Signed-off-by: hagen1778 <roman@victoriametrics.com>
Co-authored-by: Zakhar Bessarab <z.bessarab@victoriametrics.com>
Co-authored-by: hagen1778 <roman@victoriametrics.com>
---
 app/vmstorage/main.go                |  4 +++-
 deployment/docker/alerts-cluster.yml |  3 +--
 deployment/docker/alerts-health.yml  | 11 +++++++++++
 deployment/docker/alerts.yml         |  2 +-
 docs/CHANGELOG.md                    |  3 ++-
 lib/mergeset/table.go                |  9 ++++++++-
 6 files changed, 26 insertions(+), 6 deletions(-)

diff --git a/app/vmstorage/main.go b/app/vmstorage/main.go
index a902dc335..c40ab47bd 100644
--- a/app/vmstorage/main.go
+++ b/app/vmstorage/main.go
@@ -195,7 +195,8 @@ func SearchLabelNamesWithFiltersOnTimeRange(qt *querytracer.Tracer, tfss []*stor
 
 // SearchLabelValuesWithFiltersOnTimeRange searches for label values for the given labelName, tfss and tr.
 func SearchLabelValuesWithFiltersOnTimeRange(qt *querytracer.Tracer, labelName string, tfss []*storage.TagFilters,
-	tr storage.TimeRange, maxLabelValues, maxMetrics int, deadline uint64) ([]string, error) {
+	tr storage.TimeRange, maxLabelValues, maxMetrics int, deadline uint64,
+) ([]string, error) {
 	WG.Add(1)
 	labelValues, err := Storage.SearchLabelValuesWithFiltersOnTimeRange(qt, labelName, tfss, tr, maxLabelValues, maxMetrics, deadline)
 	WG.Done()
@@ -492,6 +493,7 @@ func writeStorageMetrics(w io.Writer, strg *storage.Storage) {
 
 	metrics.WriteCounterUint64(w, `vm_indexdb_items_added_total`, idbm.ItemsAdded)

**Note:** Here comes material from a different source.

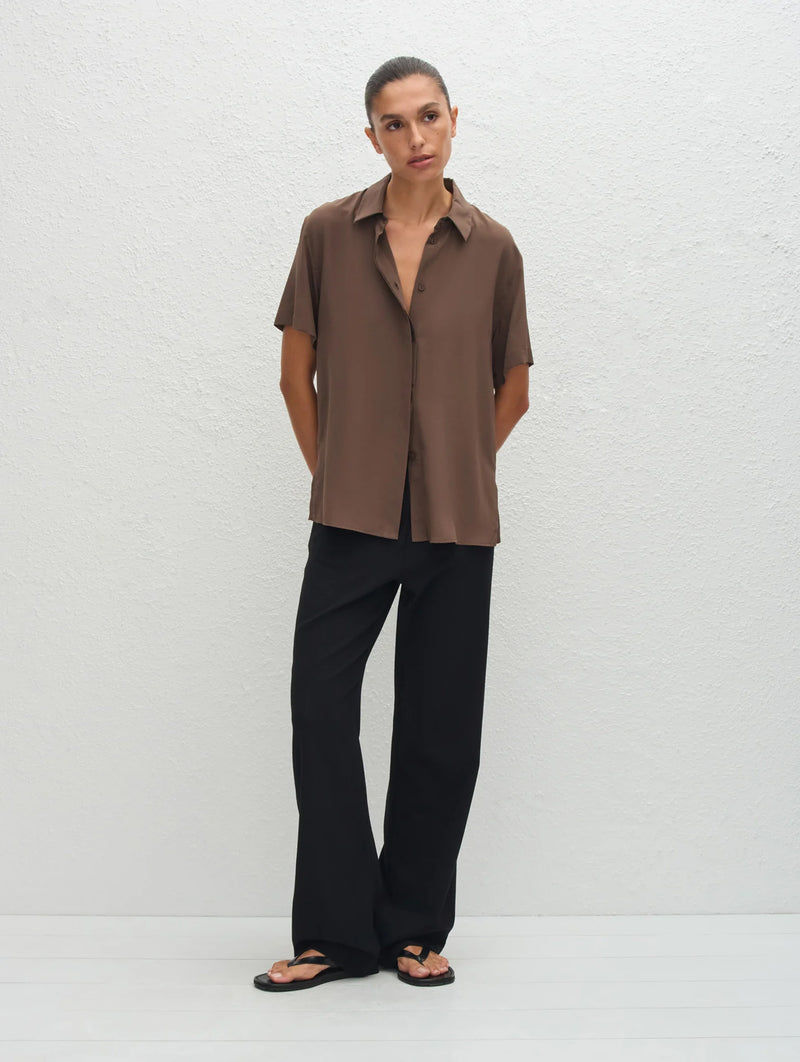 Short Sleeve Silk Shirt in Truffle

 	metrics.WriteCounterUint64(w, `vm_indexdb_items_added_size_bytes_total`, idbm.ItemsAddedSizeBytes)
+	metrics.WriteCounterUint64(w, `vm_indexdb_items_dropped_total{reason="too_long_item"}`, idbm.TooLongItemsDroppedTotal)
 
 	metrics.WriteGaugeUint64(w, `vm_pending_rows{type="storage"}`, tm.PendingRows)
 	metrics.WriteGaugeUint64(w, `vm_pending_rows{type="indexdb"}`, idbm.PendingItems)

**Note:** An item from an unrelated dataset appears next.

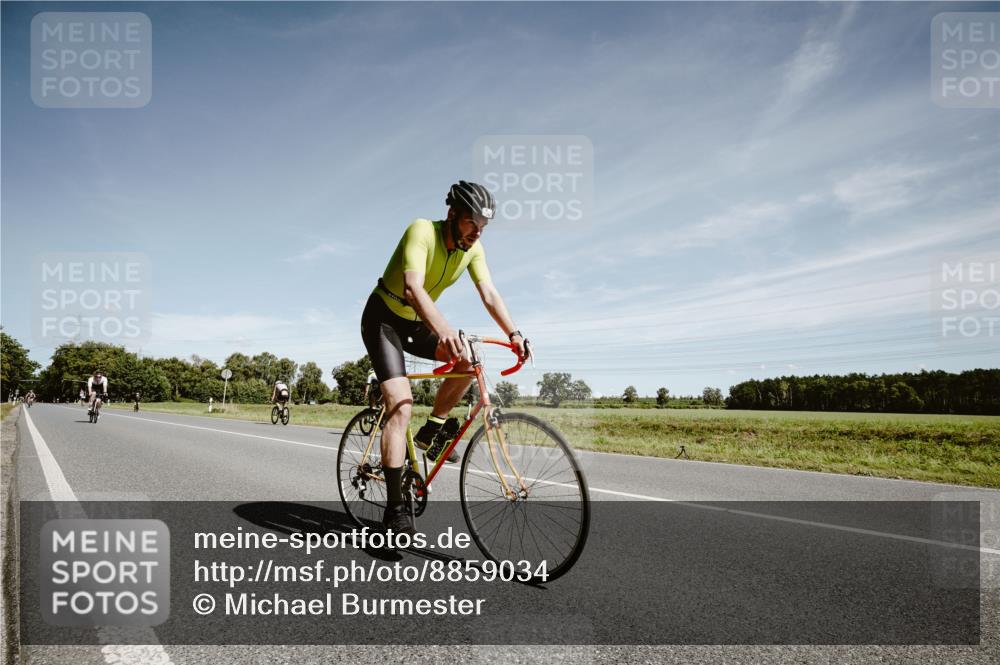 07.09.2025 - 19. Norderstedt Triathlon Michael Burmester http://msf.ph/oto/8859034 07.09.2025 12:38:47 Radfahren 754, 1384 meine-sportfotos.de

diff --git a/deployment/docker/alerts-cluster.yml b/deployment/docker/alerts-cluster.yml
index aab0850dc..c4d092990 100644
--- a/deployment/docker/alerts-cluster.yml
+++ b/deployment/docker/alerts-cluster.yml
@@ -175,5 +175,4 @@ groups:
           description: "The connection between vminsert (instance {{ $labels.instance }}) and vmstorage (instance {{ $labels.addr }})
             is saturated by more than 90% and vminsert won't be able to keep up.\n
             This usually means that more vminsert or vmstorage nodes must be added to the cluster in order to increase
-            the total number of vminsert -> vmstorage links."
-
+            the total number of vminsert -> vmstorage links."

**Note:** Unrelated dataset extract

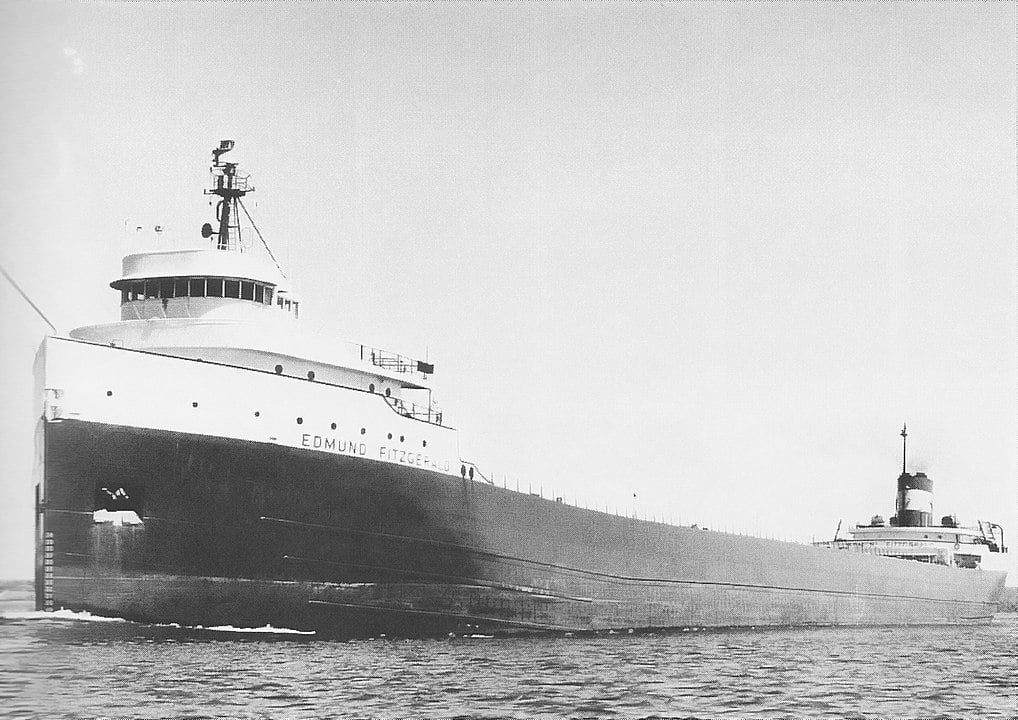 Edmund_Fitzgerald-USACE.jpg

\ No newline at end of file
diff --git a/deployment/docker/alerts-health.yml b/deployment/docker/alerts-health.yml
index 808850339..a3f2ea4a8 100644
--- a/deployment/docker/alerts-health.yml
+++ b/deployment/docker/alerts-health.yml
@@ -87,3 +87,14 @@ groups:
             In some cases for components like vmagent or vminsert the alert might trigger if there are too many clients
             making write attempts. If vmagent's or vminsert's CPU usage and network saturation are at normal level, then 
             it might be worth adjusting `-maxConcurrentInserts` cmd-line flag."
+
+      - alert: IndexDBRecordsDrop
+        expr: increase(vm_indexdb_items_dropped_total[5m]) > 0
+        labels:
+          severity: critical
+        annotations:
+          summary: "IndexDB skipped registering items during data ingestion with reason={{ $labels.reason }}."
+          description: "VictoriaMetrics could skip registering new timeseries during ingestion if they fail the validation process. 
+          For example, `reason=too_long_item` means that time series cannot exceed 64KB. Please, reduce the number 
+          of labels or label values for such series. Or enforce these limits via `-maxLabelsPerTimeseries` and 
+          `-maxLabelValueLen` command-line flags."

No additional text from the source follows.